SAF and S&W announce a commemorative revolver.
Second Amendment Foundation and Smith & Wesson Partner on Commemorative Revolver
Engraved Model 442 Will Recognize District of Columbia vs. Heller Decision
SPRINGFIELD, Mass. (July, 21, 2008) – The Second Amendment Foundation (SAF) and Smith & Wesson have partnered to create a commemorative revolver designed to recognize the historical significance of the District of Columbia vs. Heller decision and to acknowledge the six original plaintiffs that united to challenge the gun ban in Washington, D.C.
As part of the project, an engraved Smith & Wesson Model 442 revolver will be presented to each of the six plaintiffs – Shelly Parker, Tom Palmer, Gillian St. Lawrence, Tracey Ambeau, George Lyon and Dick Heller – for their key roles in working to protect the Second Amendment right to keep and bear arms. Smith & Wesson will make the commemorative revolver available for consumer purchase in Fall 2008 and will direct a portion of the proceeds to the Second Amendment Foundation to acknowledge the organization’s pivotal role in the Heller case and its ongoing efforts to preserve the Second Amendment rights of U.S. citizens.
“We are proud to work with Smith & Wesson on this project,” said Alan Gottlieb, founder of the Second Amendment Foundation. “June 26 saw a landmark victory for the Second Amendment, and for all Americans. This is a fitting way to commemorate a significant moment in history, and support future efforts that will continue to strengthen our constitutional rights.”
The Smith & Wesson Model 442 will be laser engraved with an insignia to commemorate the ruling by the Supreme Court. On the right side plate of the revolver, the scale of justice is depicted with the wording “D.C. vs. Heller” across the scale. The balance is in favor of the “Heller” name with the court date of “June 26, 2008” positioned across the top. Underneath the scale, the side plate reads “Second Amendment” and “The right to keep and bear arms” in white lettering.

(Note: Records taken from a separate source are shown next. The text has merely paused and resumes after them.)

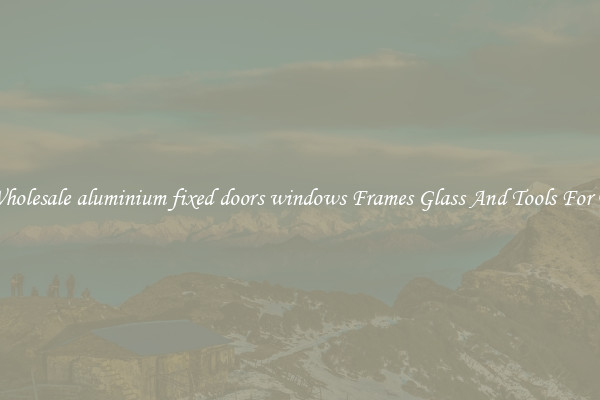 Get Wholesale aluminium fixed doors windows Frames Glass And Tools For Repair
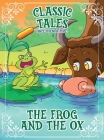 Classic Tales Once Upon a Time - The Frog and the OX Cover Image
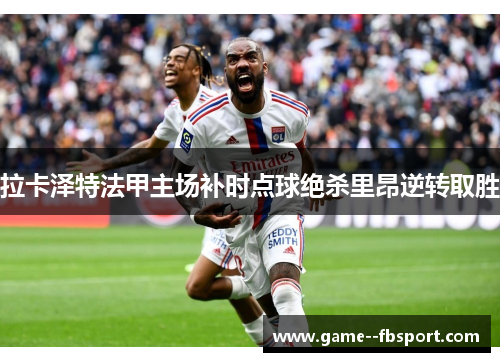 拉卡泽特法甲主场补时点球绝杀里昂逆转取胜 拉卡泽特法甲主场补时点球绝杀里昂逆转取胜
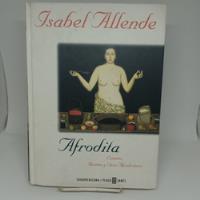 Afrodita, Cuentos ,recetas  Y Otros Afrodisíacos, I. Allende segunda mano  Argentina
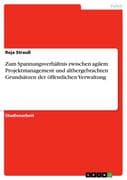 Zum Spannungsverhältnis zwischen agilem Projektmanagement und althergebrachten Grundsätzen der öffen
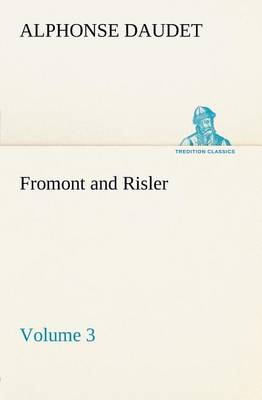 Book cover for Fromont and Risler - Volume 3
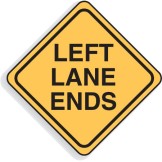 Left Lane Ends Sign 750x750mm C2 Ref Aluminium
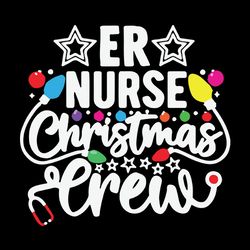 ER Nurse Christmas Crew Emergency Room ICU Nursing Squad Christmas, Christmas Svg, Logo Christmas Svg, Instant download
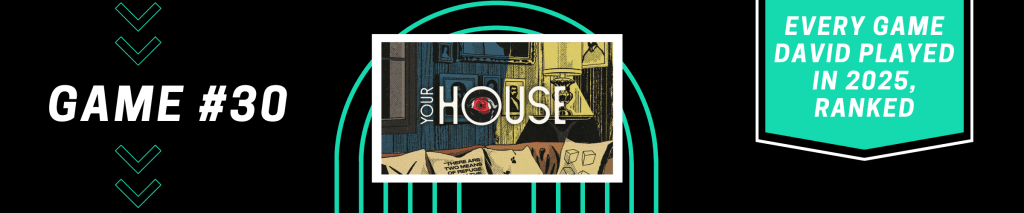 Your House - Every Game David Played in 2025, Ranked - #30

“We at Smith & Wesson are pleased to honor the six original plaintiffs in the case while at the same time offer to consumers a firearm that will help in the preservation and protection of the Second Amendment,” said Tom Taylor, Vice President of Marketing for Smith & Wesson. “The Second Amendment Foundation has worked diligently on the Heller case along with several other cases in the last two decades by promoting legal scholarship. Their contributions have helped to dramatically change the legal landscape and we are honored to partner with them on this project.”
Would the Boston Herald quote the KKK if there were some similar celebratory event occurring because of a civil rights Supreme Court victory for blacks? If not, then why quote John Rosenthal in this article?
The only conclusion I can come up with is that the Boston Herald has sympathy for the position of those that would deny people a specific enumerated civil right.